Leo a mi amiga Vailima y recuerdo cuanto hablan las paredes de la Alhambra. La "Qal'at al-hamra" (Fortaleza Roja), según la leyenda, nos narra en sus muros páginas de la historia, de la poesía, de la ciencia.
Como ella se ha acercado a la Alhambra desde las matemáticas yo voy a intentarlo desde la poesía. Ibn Zamrak (1.333 - 1.393), llamado el poeta de la Alhambra, dejó su impronta por diversos rincones de la construcción. En el conocidisimo Patio de los Leones, en el borde de su taza octogonal se halla esculpida la siguiente casida del poeta andalusi:
"Bendito sea Aquél que otorgó al iman Mohamed
las bellas ideas para engalanar sus mansiones.

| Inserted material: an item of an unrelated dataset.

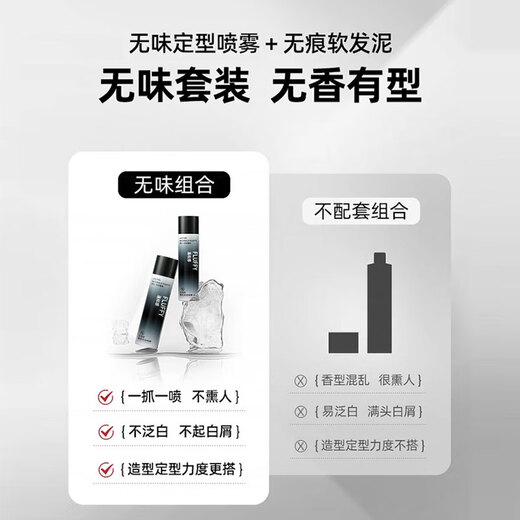 范泳辰清香型定型喷雾发胶男士头发造型蓬松定型自然持久干胶300ml 【潮男必备】300ml*2瓶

Pues, ¿acaso no hay en este jardín maravillas
que Dios ha hecho incomparables en su hermosura,
y una escultura de perlas de transparente claridad,
cuyos bordes se decoran con orla de aljófar?
Plata fundida corre entre las perlas,
a las que semeja belleza alba y pura.
En apariencia, agua y mármol parecen confundirse,
sin que sepamos cuál de ambos se desliza.
¿No ves cómo el agua se derrama en la taza,
pero sus caños la esconden enseguida?
Es un amante cuyos párpados rebosan de lágrimas,
lágrimas que esconde por miedo a un delator.
¿No es, en realidad, cual blanca nube
que vierte en los leones sus acequias
y parece la mano del califa, que, de mañana,
prodiga a los leones de la guerra sus favores?
Quien contempla los leones en actitud amenazante,
sólo el respeto contiene su enojo.
¡Oh descendiente de los Ansares, y no por línea indirecta,
herencia de nobleza, que a los fatuos desestima:
Que la paz de Dios sea contigo y pervivas incólume
renovando tus festines y afligiendo a tus enemigos!"
Una razón más para que sea una de las grandes maravillas del mundo.